── Working data ──

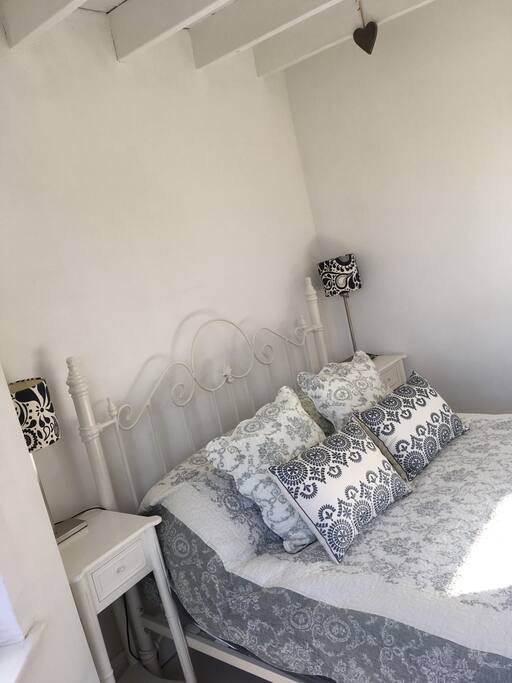 Guest bed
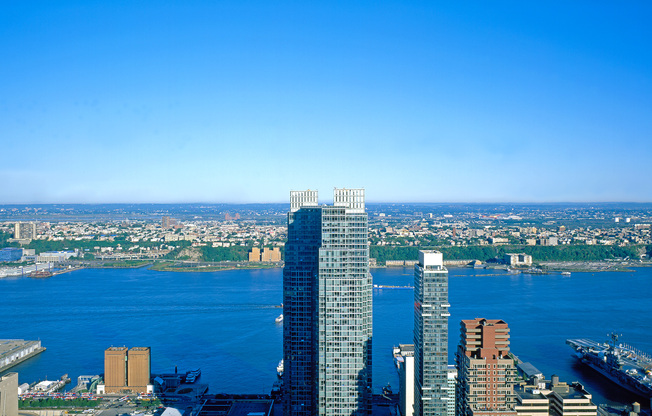 2 beds, 2 baths, $11,880, Unit 44M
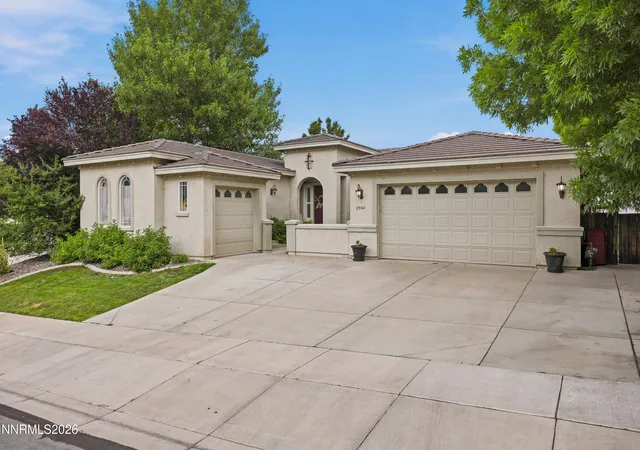 Photo 2 of Single family home for sale at 2904 Oxley Dr, Sparks, NV 89436 | MLS# 260008295 | Listing updated on 2026-09-20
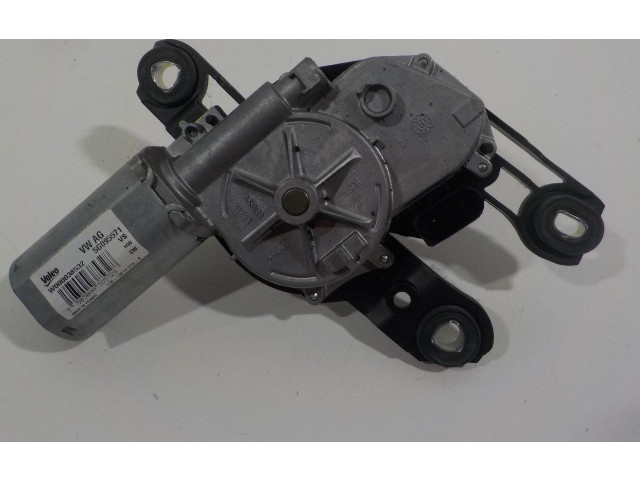 Моторчик заднего дворника     Volkswagen Golf VII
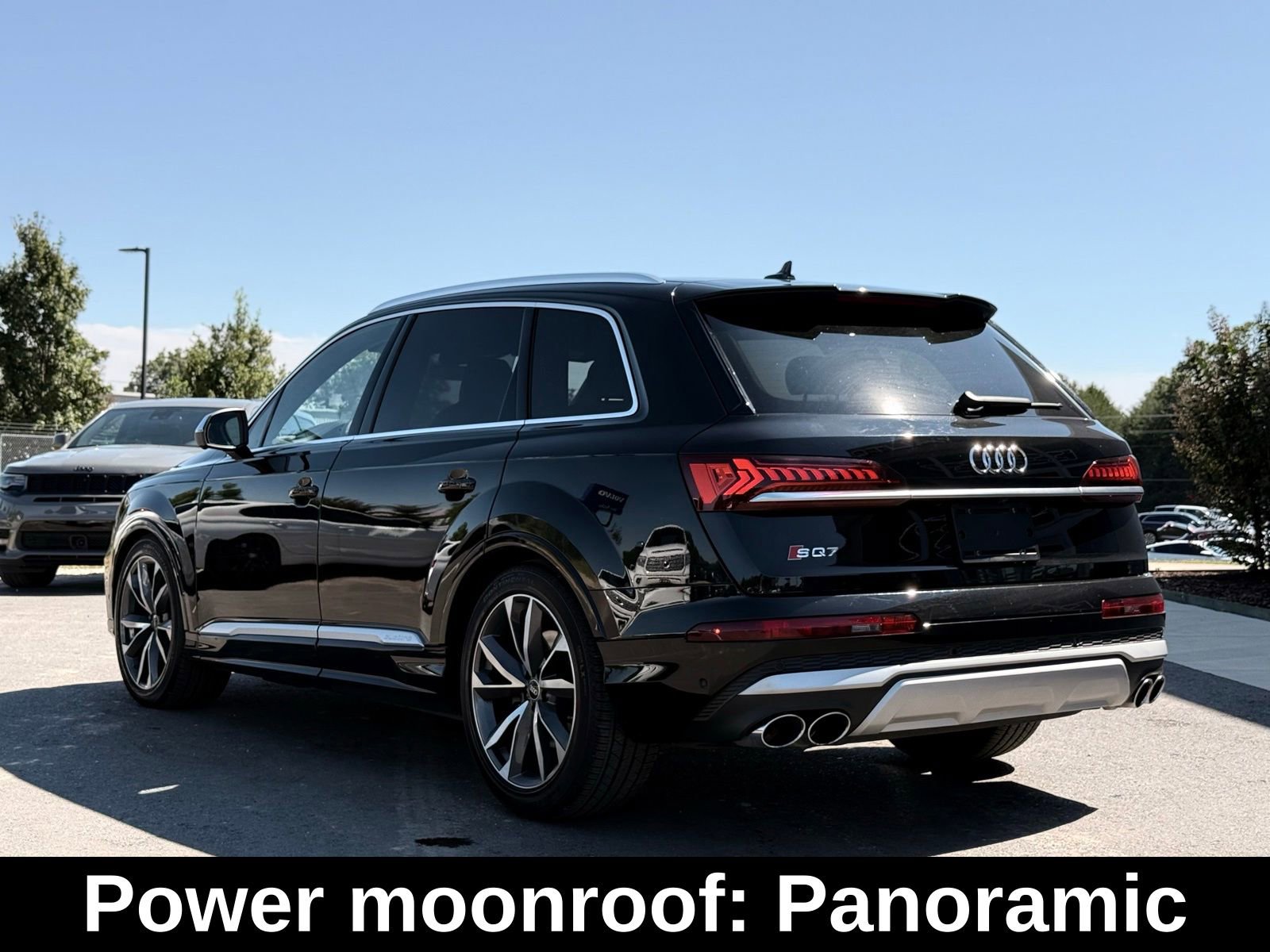 Used 2023 Audi SQ7 Prestige w/ Prestige Package image 9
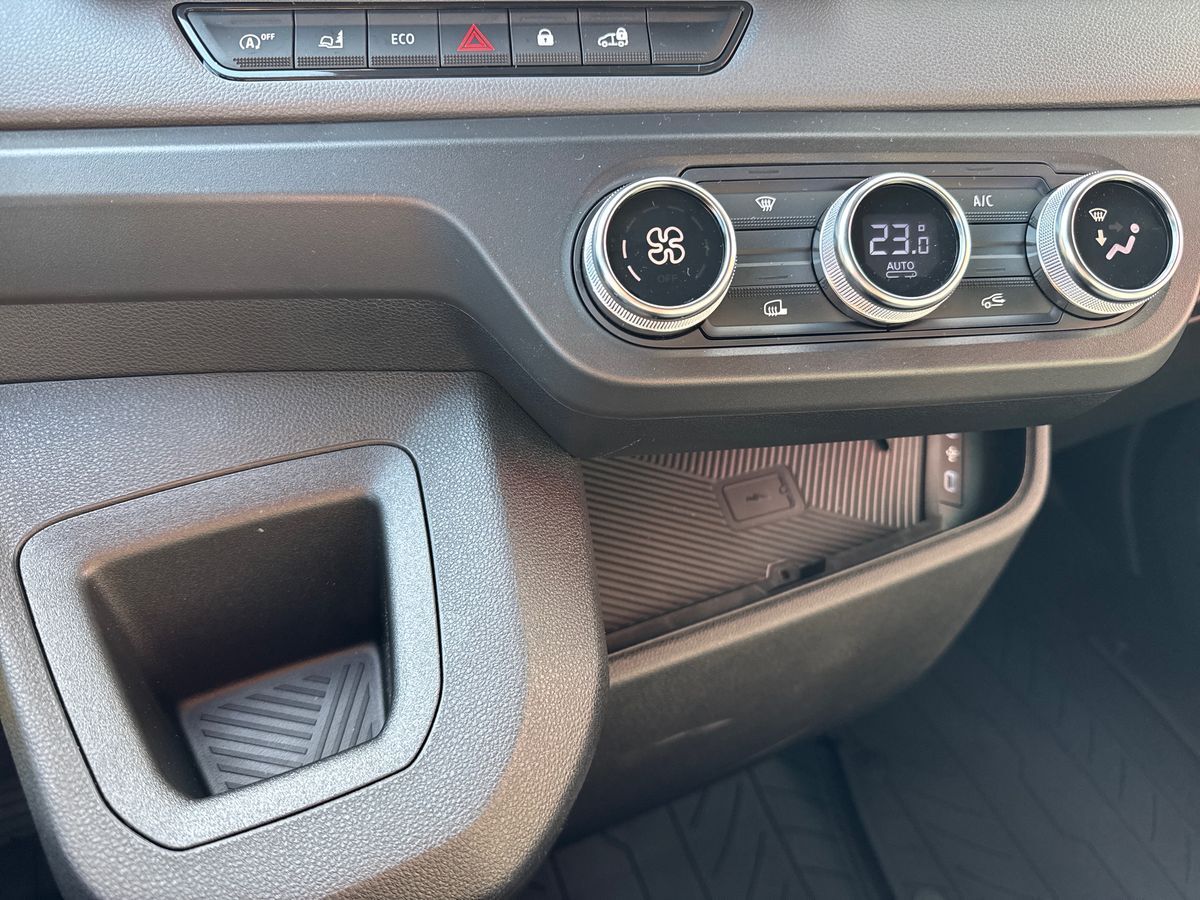 Billede af Nissan Interstar L2H2 2,0 DCi Tekna 170HK Van 9g Aut.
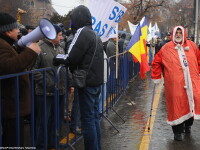 Incidente in Piata Victoriei. Revolutionarii au protestat pentru ca vor ramane fara indemnizatii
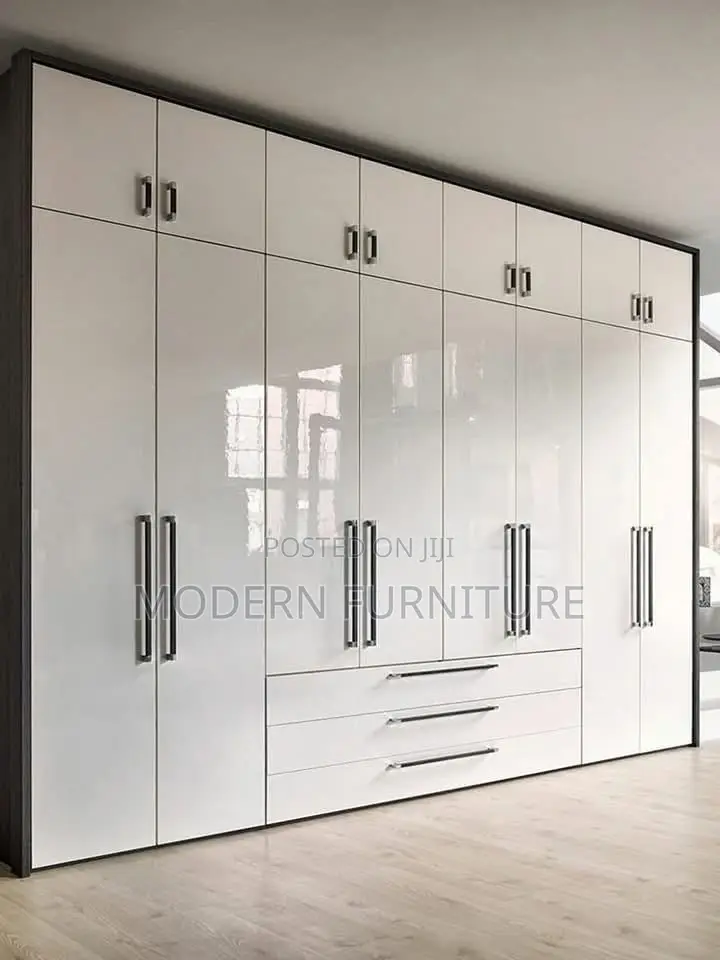 Modern Wardrobe/Closet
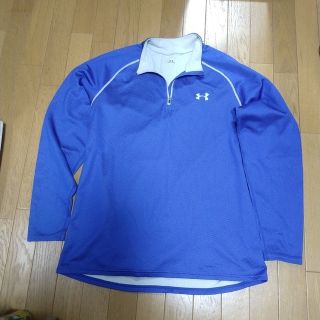 アンダーアーマー(UNDER ARMOUR)の122a..厚手の防寒インナー　UA(スウェット)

───

* Brief
Emit an exact copy of the lines from the line bearing "2 beds, 2 baths, $11,880, Unit 44M" through the last line above, inclusive, and leave the images out.

* Solution for this problem
 2 beds, 2 baths, $11,880, Unit 44M
 Photo 2 of Single family home for sale at 2904 Oxley Dr, Sparks, NV 89436 | MLS# 260008295 | Listing updated on 2026-09-20
 Моторчик заднего дворника     Volkswagen Golf VII
 Used 2023 Audi SQ7 Prestige w/ Prestige Package image 9
 Billede af Nissan Interstar L2H2 2,0 DCi Tekna 170HK Van 9g Aut.
 Incidente in Piata Victoriei. Revolutionarii au protestat pentru ca vor ramane fara indemnizatii
 Modern Wardrobe/Closet
 アンダーアーマー(UNDER ARMOUR)の122a..厚手の防寒インナー　UA(スウェット)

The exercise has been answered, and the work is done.